Urban Wetland Protection and Restoration
Urban wetlands help fulfill an important function in improving surface water quality and purifying precipitation running off from towns and cities. As municipalities continue to expand and disrupt natural landscapes, learning how we can sufficiently use natural systems to try and mitigate the impending changes is in the best interest of city officials and citizens alike.
Listen as Steve Klocke, P.E., discusses some of our stormwater wetland projects and the benefits they deliver.
- Urban Wetland Design (0:00)
- Fourmile Creek Stormwater Wetland Example (2:32)
- Practical Lessons Learned (8:27)
Urban Wetland Design
Hi, I am Steve Klocke, and I am a civil engineer with Snyder & Associates in our Water Resources group. I want to talk today about urban stormwater management and how changing weather patterns are affecting our infrastructure systems, and how we can use natural systems to try and mitigate those changes. One of the components we would like to talk about today is a constructed stormwater wetland, and I would like to talk a little bit about urban stormwater management.

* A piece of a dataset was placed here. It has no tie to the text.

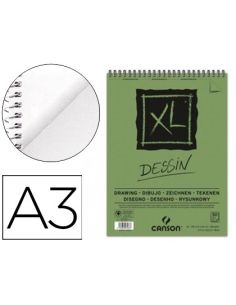 Bloc Dibujo Canson Xl Dessin Din A3 Liso Microperforado Espiral 29,7X42 Cm 50 Hojas 160 Gr/M2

So, urban stormwater management, historically, the last three or four decades focused primarily on stormwater detention. Our goal was just to focus on those large storm events, the extreme flood, prevent flooding of downstream storm sewers, people’s homes, that kind of thing. Just focus on those large events with little consideration for what’s going on for the frequent and more common smaller events. That has been changing over the last few years. Now we’re talking about more of an integrated stormwater management approach. The focus here is on the unified sizing criteria, which is more of a holistic approach, looking at all storms. So, we still are providing that large storm detention to prevent flooding, but then also looking at treating or detaining or infiltrating the smaller frequent storms.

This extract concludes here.